Is this truly an 🍎 to 🍏 comparison?
Sorta. Sorta not:
- We’re only testing our API here. Cloudflare has a lot of really slick things they can do for more “normal” website traffic (like image optimization, js optimization, etc.). Our assumption is that, for a public-facing marketing site, Cloudflare is probably much better.
- The WAF (Web Application Firewall). Cloudflare’s WAF is almost undeniably “better” by most of the metrics most people care about (like “set it and forget it”). AWS’s WAF is sorta “build what you want”, and we have some neat Lambda-powered automations for our specific use cases. But even for us, is that really what we want?
- Pricing is very different.
- Cloudflare’s bandwidth is free, but Argo is 10¢/GB. CloudFront’s is ~8¢/GB, but Origin Shield is 0.75¢ per 10k requests (for US origins). Let’s call this about even, assuming you care about the fastest response times.
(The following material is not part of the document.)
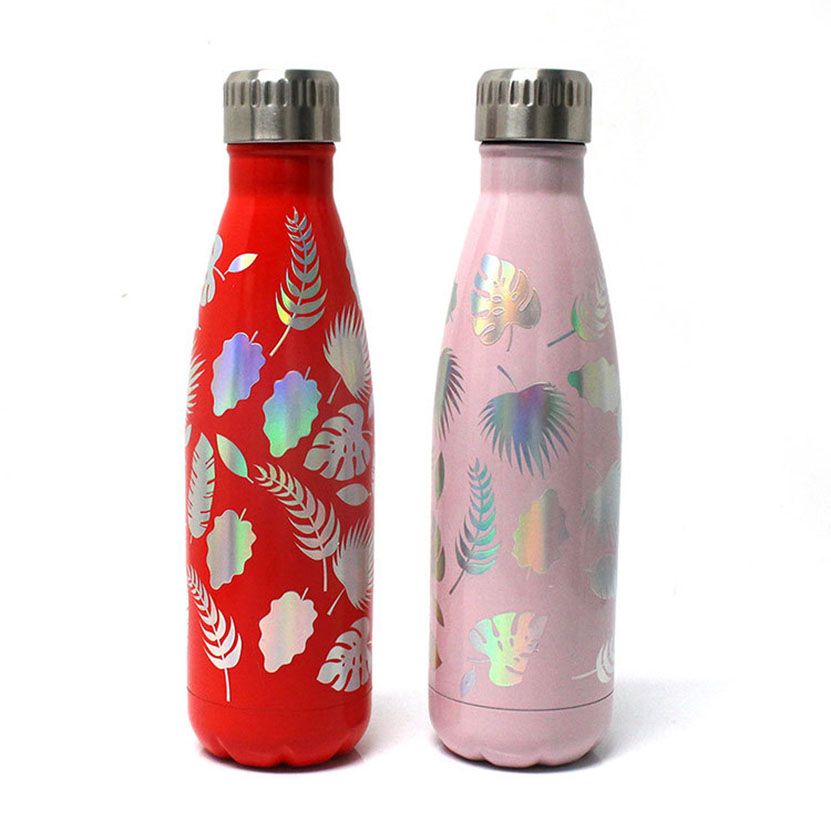 맞춤형 로고 이미지 500ml 이중벽 와인 스테인리스  - Wine Beer Images 리뷰 및 가격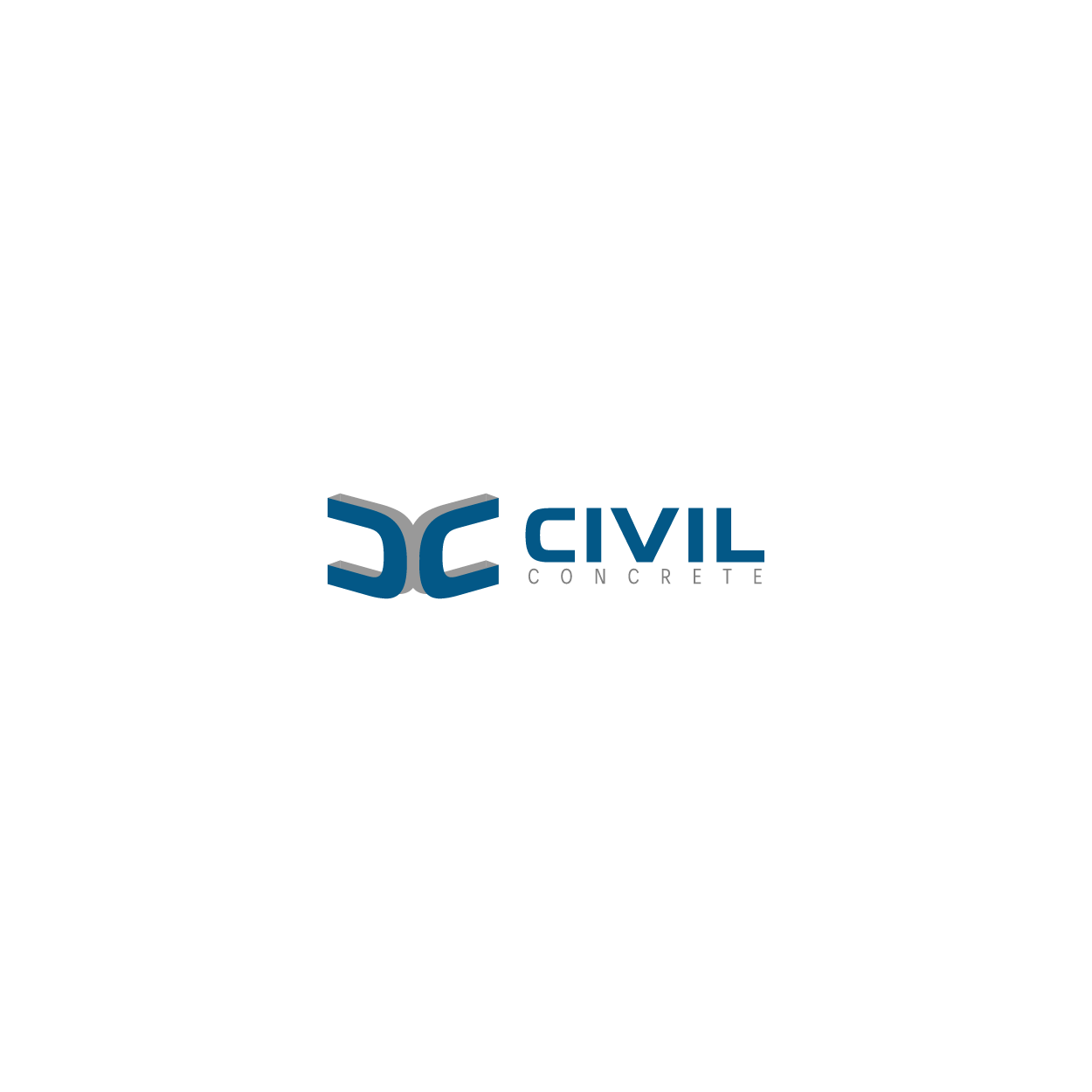 Logo-Design von Fauzan Zainal für Civil Concrete Ltd | Design #18317385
- Cloudflare’s WAF is free, but CloudFront’s WAF definitely isn’t. AWS WAF costs can add up, especially if you get hit by bots constantly like we do. (We pay hundreds of dollars a month just for traffic we rate-limit.) Note that if the AWS WAF blocks a request, you don’t pay for Origin Shield, which makes sense. (We’re not sure about Cloudflare’s WAF as it relates to Argo pricing.)
- Cloudflare Workers and Lambda@Edge pricing scales a bit differently, but these costs tend to be negligible compared to the other costs (in our experience, at least).
- SSL for multiple domains is very different. Though Cloudflare just recently made their “SSL for SaaS” publicly available (instead of enterprise-only), it’s $2/mo/domain. CloudFront + ACM is free. If you’ve just got one domain, great, but if you’re a SaaS that allows custom domains like we do, this pushes Cloudflare from “we could probably save some money!” to “wow… even if we save all of what we’re paying for bandwidth and WAF, it’d still cost us a lot :(“.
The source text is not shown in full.